In SSL, there are 3 keys used to secure a connection. They are the public, private and session keys.
Just as what the term suggests, public keys are keys made available to the public and are used to encrypt a secret message for a specific recipient with a matching private key.
Private keys are matched with public keys and used to encrypt/decrypt messages. Private keys are not available to anyone except the key holder.
A session key is a symmetric key used to encrypt messages within one transmission.
What Happens behind a SSL Handshake:
1. Browser connects to web server secured with https and requests server to identify itself.
2. Server sends its SSL certificate together with the server’s public key.

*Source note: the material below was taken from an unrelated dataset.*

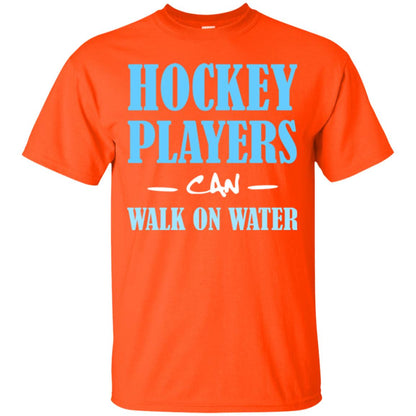Hockey Lover T-shirt Hockey Players Can Walk On Water Orange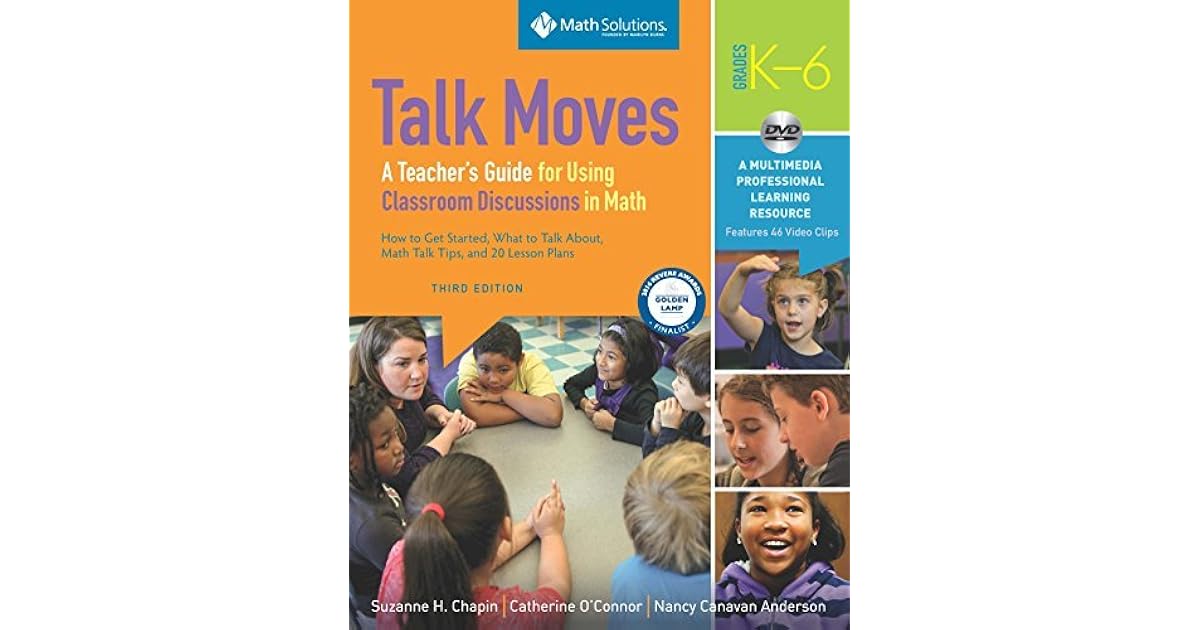 Talk Moves A Teacher's Guide for Using Classroom Discussions in Math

3. Browser runs a check to see if the certificate root of the SSL is trusted by a Certificate Authority (CA), the certificate expiry date and common name is also validated. Once the browser trusts the SSL, it generates, encrypts and returns a symmetric session key to the server, with the server’s public key.
4. Server decrypts the the symmetric session key with its own private key and relay back an acknowledgment to start with an encrypted session.
5. Server and Browser has completed a SSL handshake and all data transmitted is encrypted with the session key.